La police a indiqué qu'elle a effectué sa propre enquête, dont elle a refusé de communiquer la suite à IPS. Mais aucune interpellation n'a été faite, a ajouté Bihina.
"Nous avons reçu, à ce jour, plus d'une dizaine de réfugiées qui sont venues se plaindre d'agression sexuelle", explique à IPS, Louis Monkam, membre de l'Organisation camerounaise des droits de l'Homme, une ONG basée à Yaoundé. "D'autres se plaignent aussi du racket au niveau du HCR où des agents commercialiseraient des attestations aux demandeurs d'asile", affirme-t-il.
Dans un entretien téléphonique avec IPS, un cadre du HCR, qui a requis l'anonymat, a déclaré : "Je ne peux pas vous dire que le harcèlement sexuel n'existe pas ici. Nous avions aussi suivi des rumeurs à ce sujet.
J'attends le résultat de l'enquête qui a été ouverte. Mais les preuves sont extrêmement légères à l'encontre du personnel du HCR".

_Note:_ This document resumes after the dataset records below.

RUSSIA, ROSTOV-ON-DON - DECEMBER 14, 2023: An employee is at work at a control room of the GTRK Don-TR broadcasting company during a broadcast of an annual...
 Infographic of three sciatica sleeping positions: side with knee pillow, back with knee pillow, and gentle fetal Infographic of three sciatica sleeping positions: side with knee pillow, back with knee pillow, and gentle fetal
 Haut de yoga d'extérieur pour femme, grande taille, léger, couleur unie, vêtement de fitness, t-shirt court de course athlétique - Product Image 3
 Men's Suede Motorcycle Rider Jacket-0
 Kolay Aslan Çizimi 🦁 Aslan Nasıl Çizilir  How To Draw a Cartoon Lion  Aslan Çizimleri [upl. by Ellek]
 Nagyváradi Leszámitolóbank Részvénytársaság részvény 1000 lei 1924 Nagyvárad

"C'est pervers, c'est méchant ce que certaines réfugiées ont pu dire", s'est exclamé ce cadre qui s'est dit "choqué" par des déclarations "irresponsables" de certaines réfugiées. Mais les femmes réfugiées, rencontrées par IPS, soutiennent qu'elles sont l'objet de sollicitations diverses, aussi bien au HCR qu'à la Croix-Rouge camerounaise.
"Au HCR", dit à IPS, Fatou Ngalmbaye, une réfugiée tchadienne âgée de 26 ans, "on délivre l'attestation de demandeur d'asile à certaines femmes et on en refuse à d'autres". Elle se demande sur quelle base cela se fait ainsi. "Si vous n'avez pas d'argent pour acheter l'attestation, il vous reste l'autre solution qui est honteuse et avilissante", renchérit Ngalmbaye.
Yvonne Bouabré, une réfugiée ivoirienne de 41 ans, explique à IPS : "Quand je suis arrivée au Cameroun, des amies m'ont conseillé de 'libérer' si jamais on me le demandait. Je ne peux pas vous dire ce qui s'est passé par la suite…Mais j'ai obtenu assez vite mon attestation d'asile".
Le ministère des Relations extérieures ainsi que celui de l'Administration territoriale et de la Décentralisation n'ont pas voulu répondre aux questions relatives à la protection et à la sécurité des réfugiés, demandant à IPS de s'en référer à la Croix-Rouge camerounaise.
Toutefois, le HCR et la Croix-Rouge offrent à ces réfugiés un 'Revenu minimum d'insertion' constitué d'allocation de chômage, d'assistance médicale, de formation pouvant les aider à trouver du travail ou à mettre sur pied un micro-projet. Le montant minimum de cette aide est de 70 dollars environ par réfugié. Mais seuls quelque 12.000 réfugiés, tous sexes confondus, reçoivent l'aide du HCR qui leur a accordé des bourses multiformes, d'un montant total de 300.000 dollars, cette année.